### What is being asked
Your answer should hold only the lines from the start of the data below through the line with "Women's synthetic padded panties.", copied exactly, with pictures left out.

▬▬▬

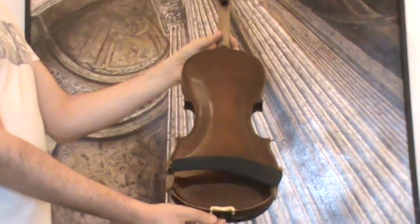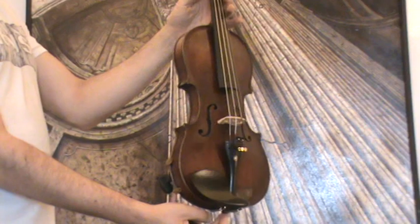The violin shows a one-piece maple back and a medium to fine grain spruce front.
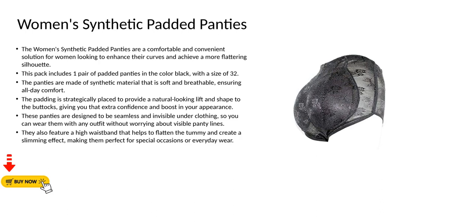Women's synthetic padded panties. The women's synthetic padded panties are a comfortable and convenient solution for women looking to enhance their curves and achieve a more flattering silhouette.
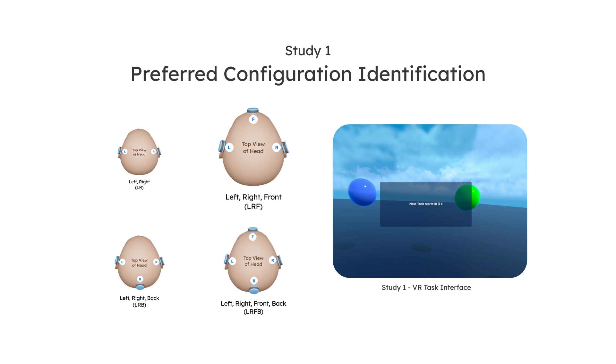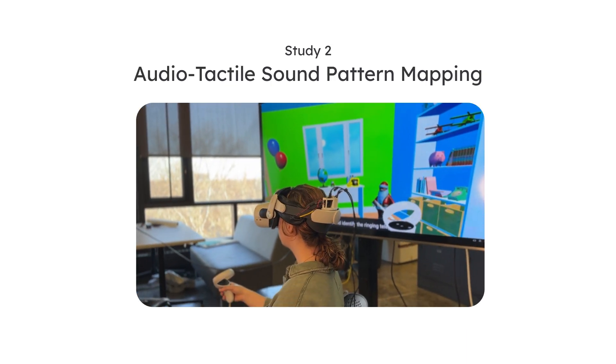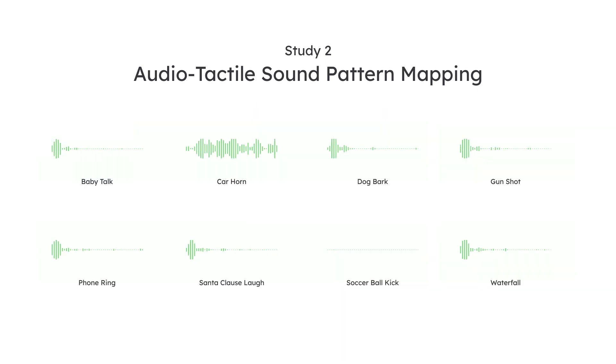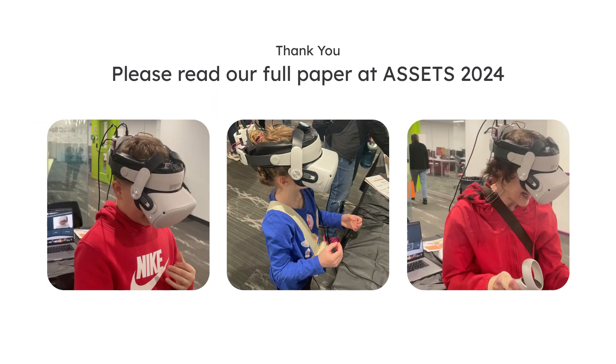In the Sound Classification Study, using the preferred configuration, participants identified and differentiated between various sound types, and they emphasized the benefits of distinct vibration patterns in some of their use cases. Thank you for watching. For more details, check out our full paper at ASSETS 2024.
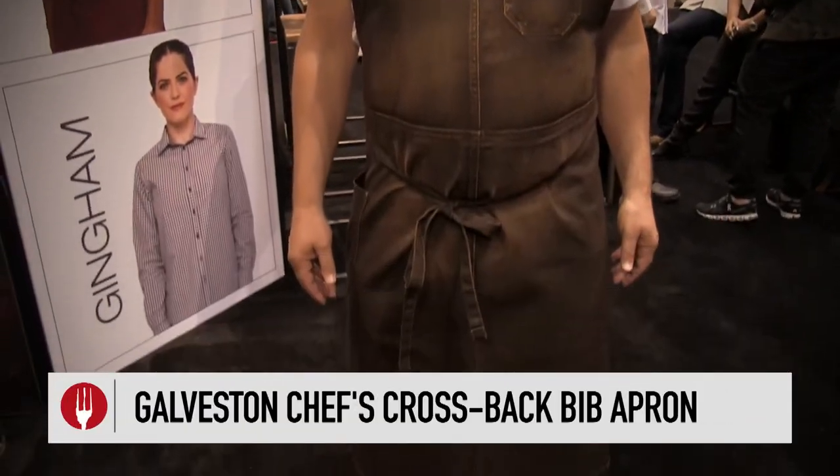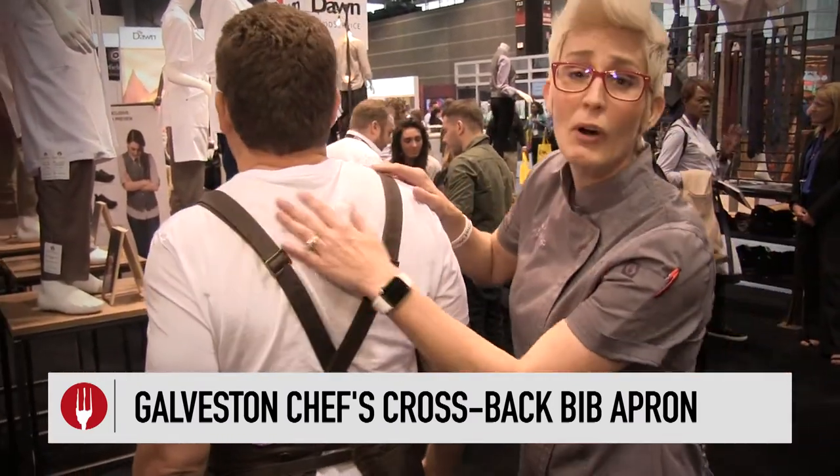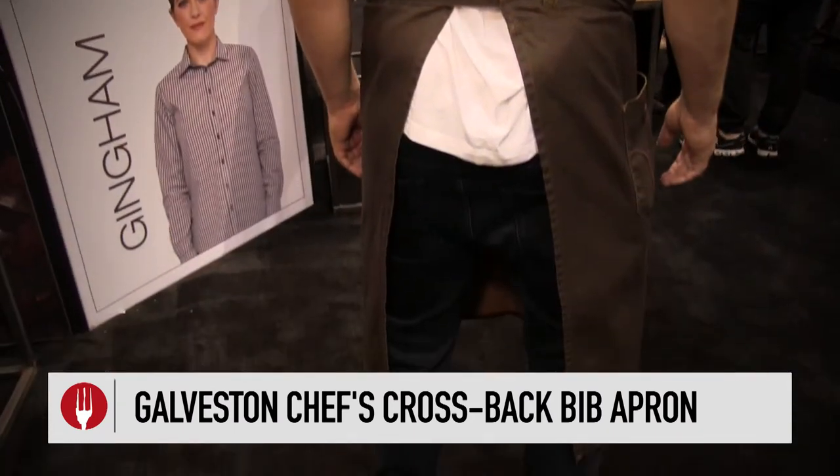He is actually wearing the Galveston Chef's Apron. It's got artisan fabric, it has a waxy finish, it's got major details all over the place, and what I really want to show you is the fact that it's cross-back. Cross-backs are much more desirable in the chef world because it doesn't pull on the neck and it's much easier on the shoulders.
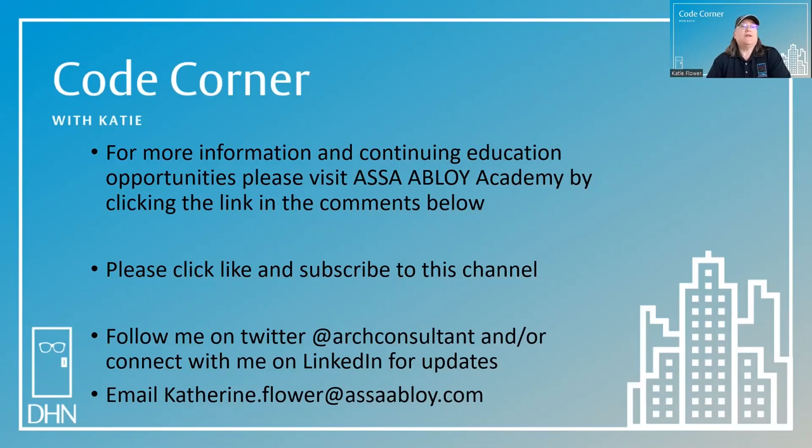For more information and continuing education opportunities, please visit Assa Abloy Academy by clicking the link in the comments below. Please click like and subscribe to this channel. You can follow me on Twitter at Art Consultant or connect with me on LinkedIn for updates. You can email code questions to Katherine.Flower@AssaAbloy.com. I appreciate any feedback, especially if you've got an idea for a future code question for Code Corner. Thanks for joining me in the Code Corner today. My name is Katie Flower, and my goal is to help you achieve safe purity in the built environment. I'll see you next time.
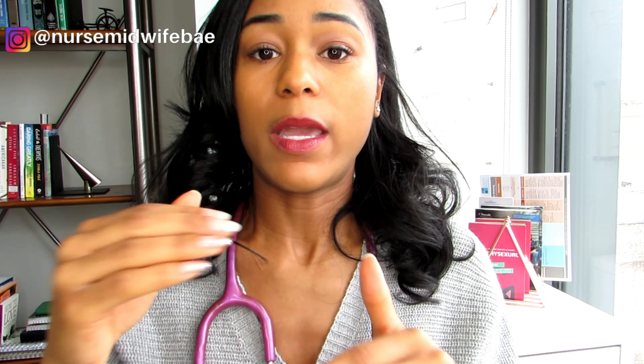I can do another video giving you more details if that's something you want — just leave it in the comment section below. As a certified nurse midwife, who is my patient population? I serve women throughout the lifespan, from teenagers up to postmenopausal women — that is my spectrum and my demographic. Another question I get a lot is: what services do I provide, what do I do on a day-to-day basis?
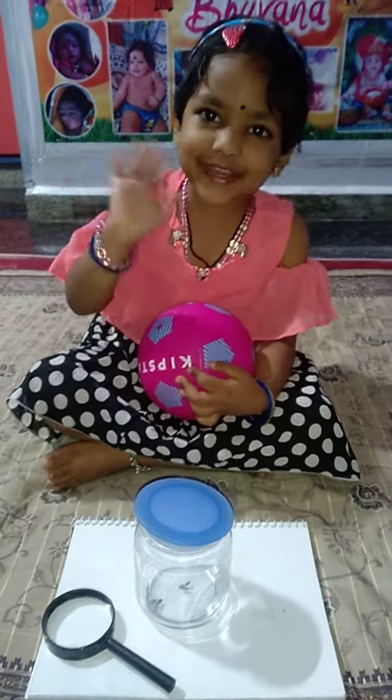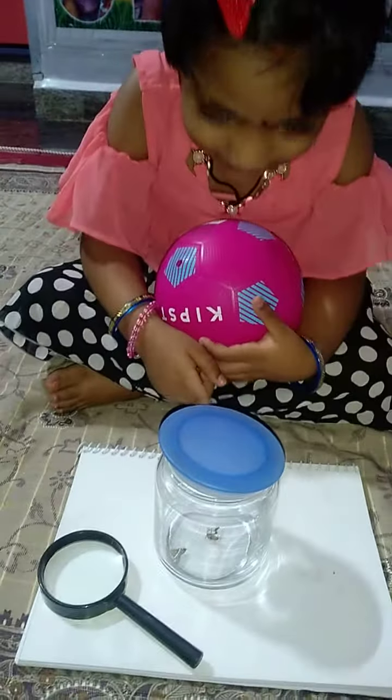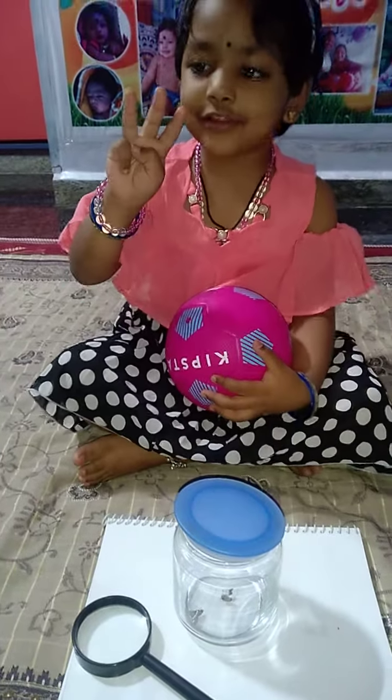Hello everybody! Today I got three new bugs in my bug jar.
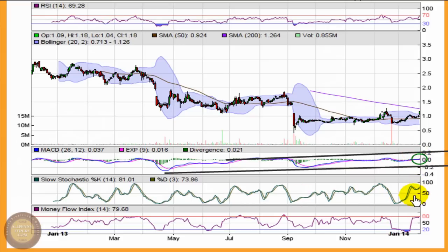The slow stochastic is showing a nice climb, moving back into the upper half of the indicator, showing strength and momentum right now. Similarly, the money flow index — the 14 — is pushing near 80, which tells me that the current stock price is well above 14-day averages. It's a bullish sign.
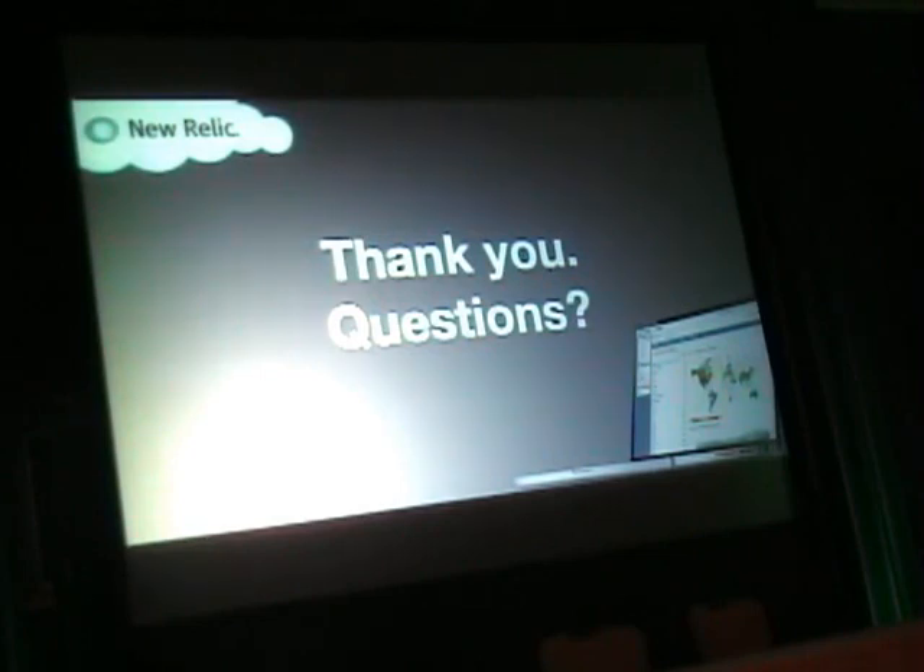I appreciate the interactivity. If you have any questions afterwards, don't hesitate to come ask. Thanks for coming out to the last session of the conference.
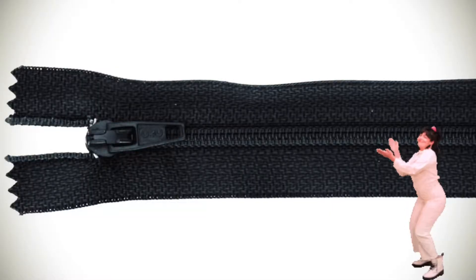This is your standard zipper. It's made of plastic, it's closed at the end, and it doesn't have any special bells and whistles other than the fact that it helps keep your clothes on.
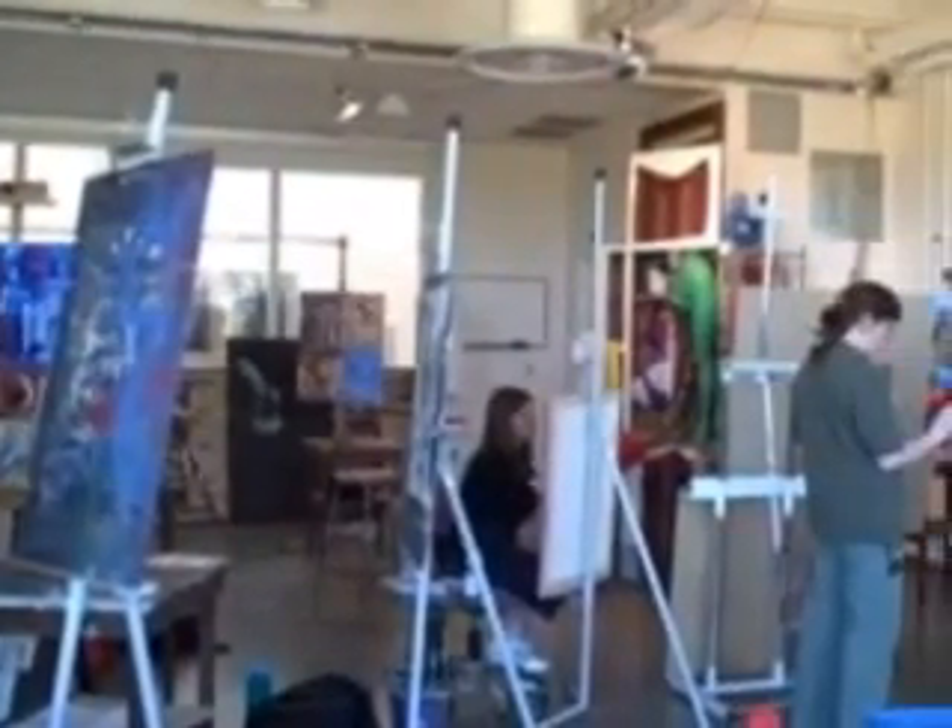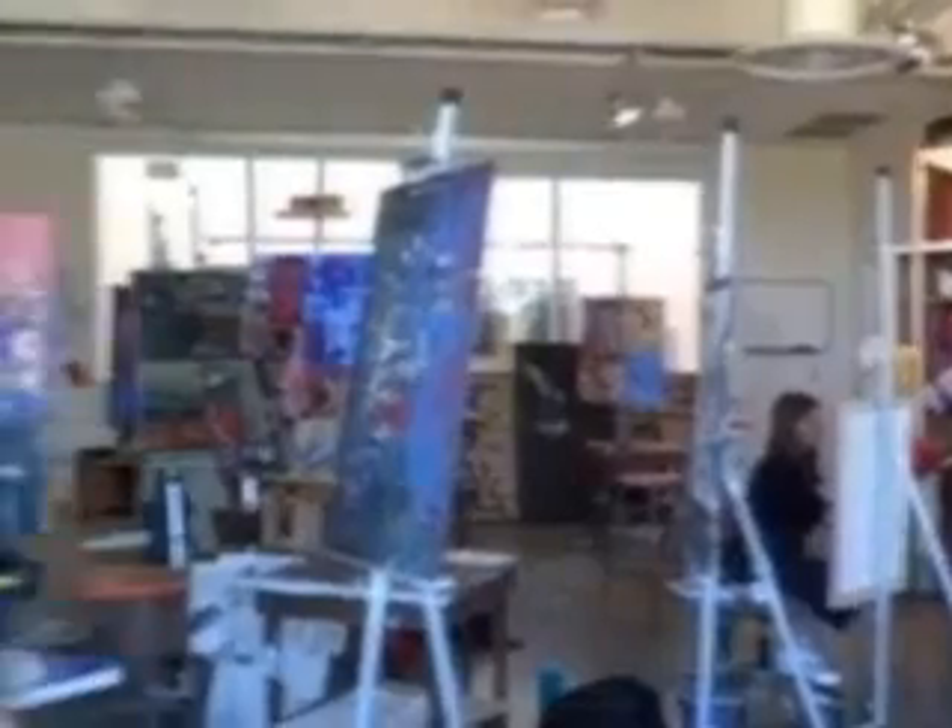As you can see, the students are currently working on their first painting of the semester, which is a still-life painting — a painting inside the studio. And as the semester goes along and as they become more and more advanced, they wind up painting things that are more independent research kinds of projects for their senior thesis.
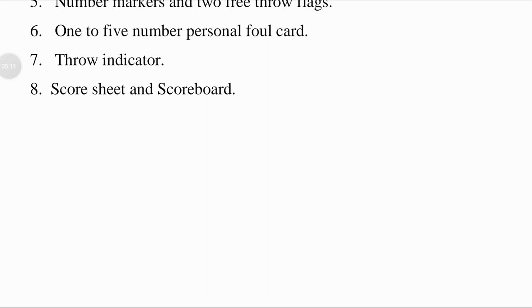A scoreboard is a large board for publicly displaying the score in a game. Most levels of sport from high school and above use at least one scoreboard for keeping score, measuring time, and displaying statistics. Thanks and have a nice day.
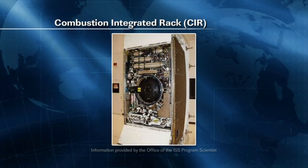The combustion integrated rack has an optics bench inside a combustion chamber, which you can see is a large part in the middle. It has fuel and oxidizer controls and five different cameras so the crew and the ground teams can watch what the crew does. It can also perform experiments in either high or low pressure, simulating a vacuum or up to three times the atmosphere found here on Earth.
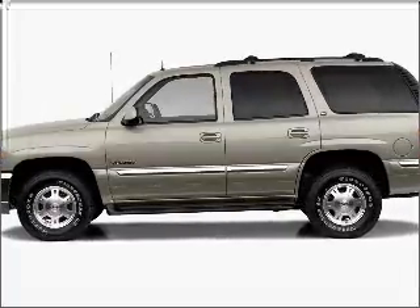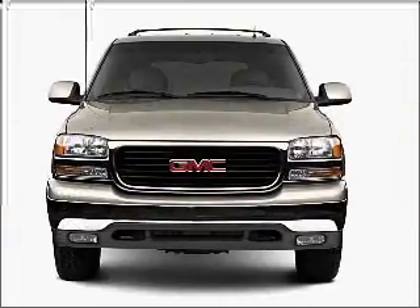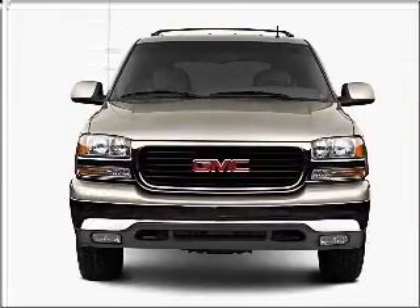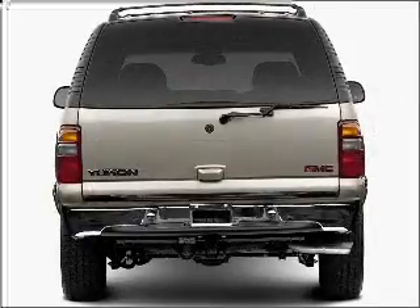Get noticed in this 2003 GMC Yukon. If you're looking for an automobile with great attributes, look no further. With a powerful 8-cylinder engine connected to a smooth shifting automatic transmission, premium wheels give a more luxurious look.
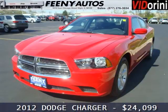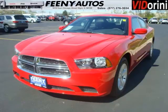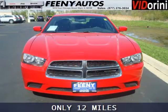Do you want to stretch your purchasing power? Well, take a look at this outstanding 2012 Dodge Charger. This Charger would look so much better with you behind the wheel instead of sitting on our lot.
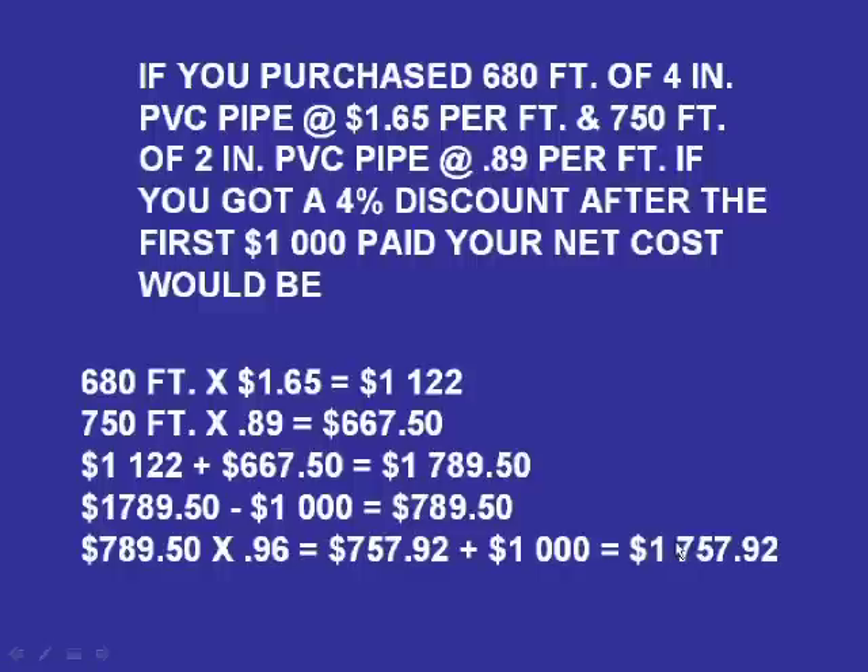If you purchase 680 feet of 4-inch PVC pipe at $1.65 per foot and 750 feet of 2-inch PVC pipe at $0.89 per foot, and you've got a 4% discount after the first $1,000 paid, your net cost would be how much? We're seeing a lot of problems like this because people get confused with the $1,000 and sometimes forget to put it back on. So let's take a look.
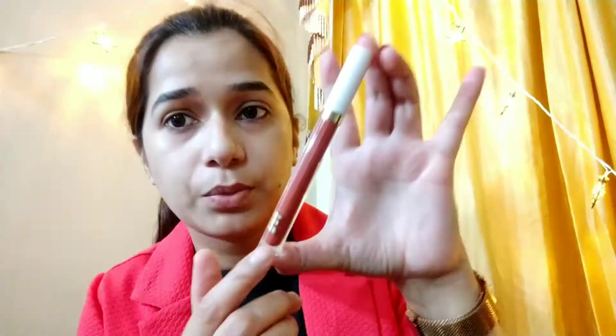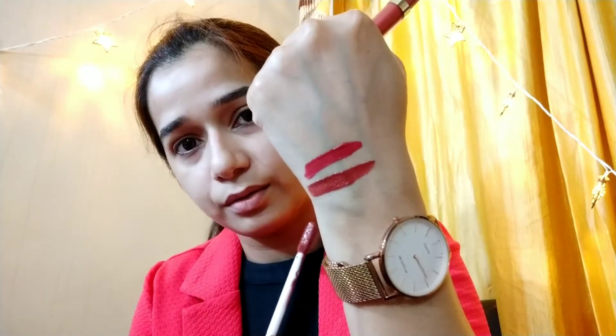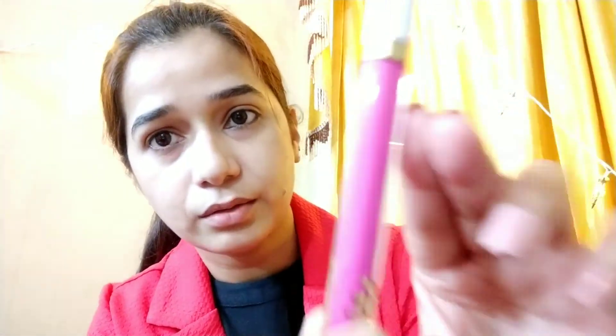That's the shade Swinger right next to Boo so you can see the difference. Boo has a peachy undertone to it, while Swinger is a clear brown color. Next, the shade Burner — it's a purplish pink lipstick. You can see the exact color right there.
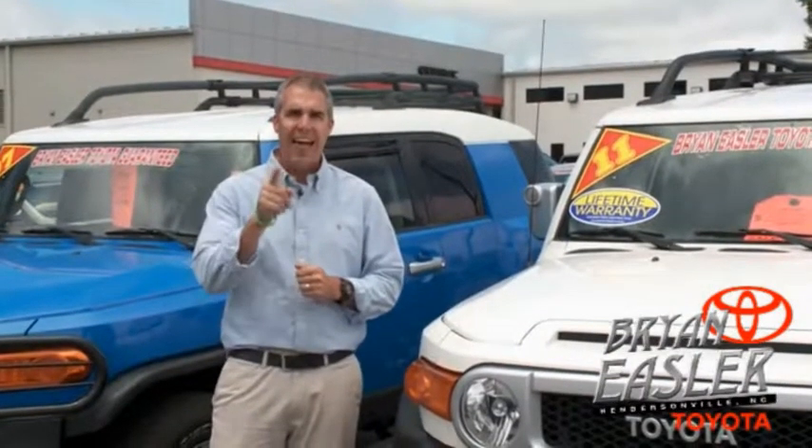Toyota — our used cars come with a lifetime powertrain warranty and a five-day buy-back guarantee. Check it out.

▬▬▬

### Response to the task
The violin shows a one-piece maple back and a medium to fine grain spruce front.
Women's synthetic padded panties. The women's synthetic padded panties are a comfortable and convenient solution for women looking to enhance their curves and achieve a more flattering silhouette.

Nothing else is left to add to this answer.